まったく、チート勇者の王が決まると言うのに、もう少し気の利いたことは言えないのか。これも茅田真尋とかいう馬鹿な創造主の手抜きの賜物に違いない。
「青コーナー! すべての空間を統べる男! かぁぁとぉぉぉ、よしおーーーーー!!!」
俺の紹介を受けて、周囲のギャラリーたちの興奮混じりの歓声が会場を満たす。自分の名と共に会場が沸くのは悪い気分じゃない。前世なら到底考えられないことだ。
「そして、赤コーナー、全てのゲームを操る男、プゥレーイ・スウィッチィィィィ!!」
奴の登場を受けて、俺のときとは段違いの歓声が会場を満たす。このとき、自分がナンバーツーであることを嫌でも思い出してしまう。
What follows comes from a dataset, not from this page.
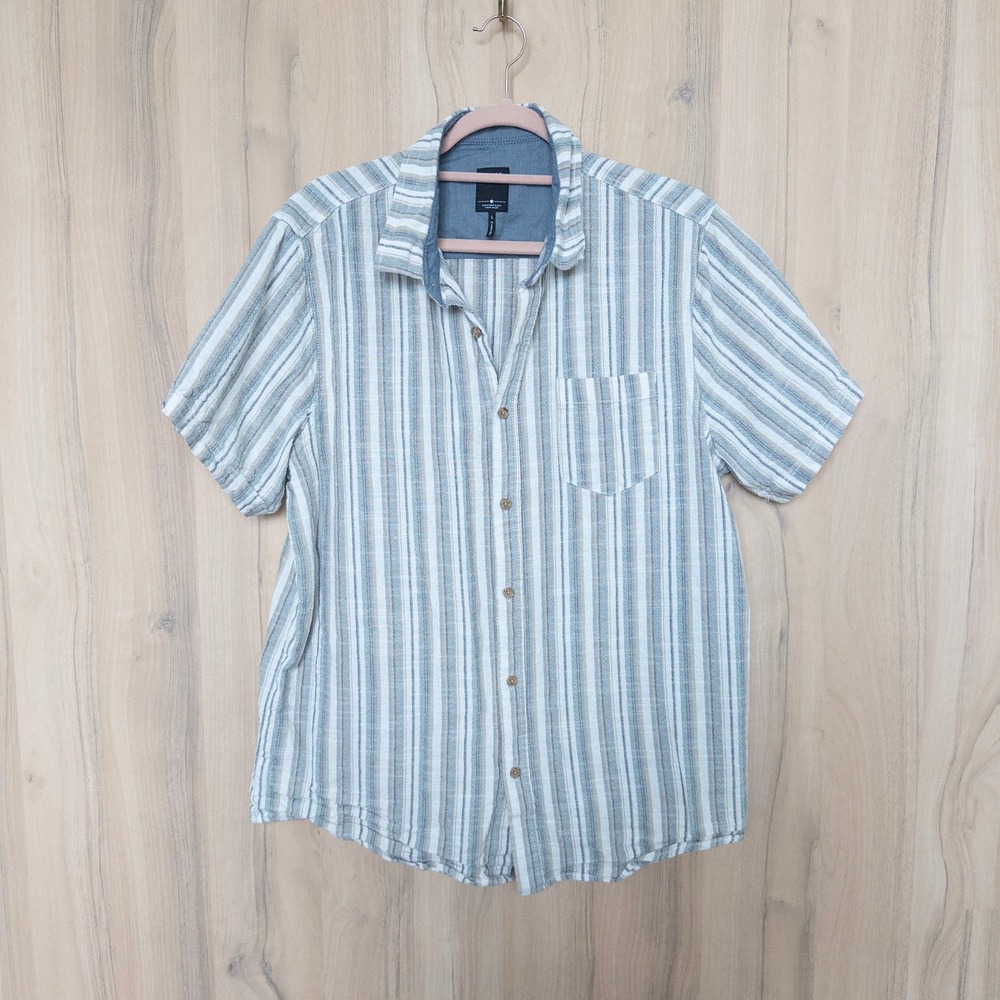 Union Mens Short Sleeve Shirt Large Blue White Striped Button Down Cotton Casual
「チート勇者王トーナメント決定戦、レディィィィィ、ファイト!!!」
レフェリーの合図で、戦いの火蓋が切って落とされた。
ぐずぐずしている暇はない! 俺は速攻で勝負を決める腹積もりだった。
レフェリーの紹介にあった通り、プレイのチート能力はゲームだ。前世で一般に流通しているゲームにおいて使用可能な技は全て自由自在だ。だから、アルテマだろうがマダンテだろうが、奴にとっては呼吸をするようなものなのだ。そんなものを先に使われては、残念ながら俺にはなすすべがない。
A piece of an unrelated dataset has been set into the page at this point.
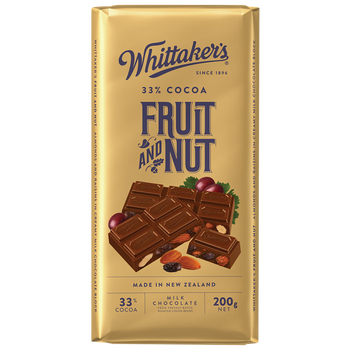 Whittaker's 惠特克 新西兰原装进口巧克力制品喜糖零食送礼糖果休闲零食袋装临期1月 葡萄干扁桃仁巧克力200g全利兔-实时优惠快报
ショボいチート勇者だ、ていうか、チートですらねぇと罵倒するでない。ジョジョのカーズ様も言っていた。勝てばそれでよかろうなのだッ!
つまり、先に動かれては打つ手なしだがそれはあり得ないということだ。なぜなら、攻撃へ移行するまでのスピードこそがこの俺のチート能力だからだ。勝負は始まる前に決しているのだ!
俺は右手の指をぱちりと鳴らした。その刹那、プレイの身体は音もなく無惨に切り裂かれた。
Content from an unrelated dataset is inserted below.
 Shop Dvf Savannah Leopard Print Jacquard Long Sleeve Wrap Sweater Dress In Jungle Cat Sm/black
俺のチート能力は半径100km以内の空気を操ることだ。今はプレイの周りの空気を一瞬で鎌鼬へと変化させたのだ。
奴は虚ろな目をしばたかせて、その場にくずおれた。
「勝者、加藤よしおーーーーー!!!」
レフェリーの勝鬨が場内を満たした。
よっしゃぁぁぁぁぁ!!!
これでチート勇者王は、この加藤よしおだぁぁぁぁぁ!
.......なんて、うまくは行かないんだよなぁ。
畜生! プレイの野郎......!!
俺はもう何度あの男との勝負に挑んだことか。実のところ、俺はこれまで一度だってプレイに勝てたことはないんだ。
汚ねェだろっ......! リセットするなんて。
ゲームの能力が思うがまま。それは構わねぇよ。竜巻旋風脚だろうがトゲゾー甲羅だろうがどんとこいだ。
だが、負けた瞬間にリセットなんて小学生みてぇなセコい手使いやがって。どこぞのもぐらに反省文書かされるぞ!
RPGの勇者は絶対魔王には負けない。負けたって、その死はなかったことになるからだ。そして着実にレベルを上げて、最終的に魔王を討伐する。今の俺はまさしくその魔王の立場だった。
プレイの奴は戦う度にレベルが上がっている。俺のチートじみた瞬殺鎌鼬の速度を上回るのも時間の問題だ。
「加藤よしお様。決勝のお時間です」
「ぬオオオオオオオオオオおおおお!!!」
腹の底からヤケ糞の雄叫びを上げて俺は、もう何度目かもわからない不毛な決勝戦へ赴くのであった。